Always, if possible, have a tiled hearth and a very simple fender. A gorgeous fender is a mistake; if a tiled hearth is provided all one requires is a black frame to enclose the hearth, with two brass knobs just to brighten it up; then get some brass fire-irons and two standards at Maple’s or else at Hampton’s, where brass things are very good and cheap, and, if in any way obtainable, see your grates are Barnard’s. They save their cost in coal in a very short time, and are very pretty and simple. I have one that cost a little over 4l.; it has a simple black frame, enclosing some pretty blue and white tiles, and has firebrick sides and bottom, and is as low as the hearthstone.
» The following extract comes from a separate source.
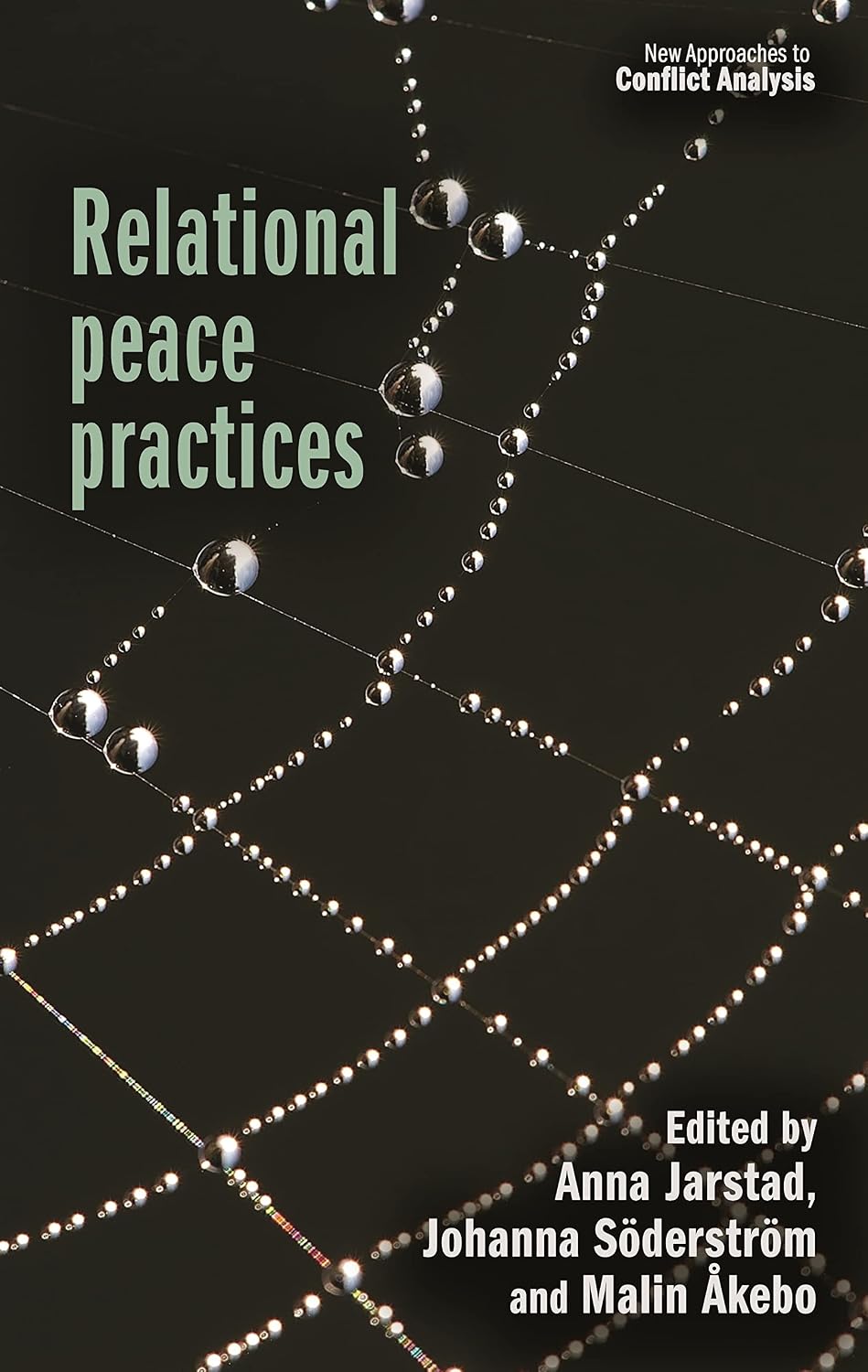 Relational peace practices (New Approaches to Conflict Analysis)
The fire in this grate keeps alight from about 11 A.M. until 2 P.M. in the coldest winter weather, and I have never once during that time to ring for coals. Another ordinary stove during the same hours has to be continually watched and replenished, and while the blue and white room is always hot, the other room, possessed of the all-devouring grate, is never even warm, and sometimes one end thereof is hardly above freezing point. I have an equally good grate in the drawing-room, and here a fire made up at eight burns steadily until eleven at night, and often is quite a gorgeous fire at bedtime. I believe these grates are made at Norwich, but Shuffery sends them or similar grates equally satisfactory with his wooden mantelpieces; which, by the way, are supplied with Doulton ware fenders like the tiled hearths. These save needless trouble to the servants, as they only require dusting and an occasional wash-over to be always clean.
While we are on the subject of fires, I can tell my readers of a comfortable manner to keep in a fire in a bedroom or drawing-room, when a fire is wanted, but not a ‘regular blazer.’ To insure there being a fire, line the bottom and front of the grate with a newspaper, then fill it up, nearly to the top of the fireplace, with quite small coal, on the top of this lay an ordinary fire, with nice lumps of bright coal, wood, &c., and set light to it; this fire will burn downwards steadily, and can be left to take care of itself; and then, when the room is required for use, all that is wanted is a judicious poke, and a pretty cheerful blaze rewards you, while you have the satisfaction of knowing your fire is in, and no waste of fuel to any appreciable extent is going on, should the room not be in occupation.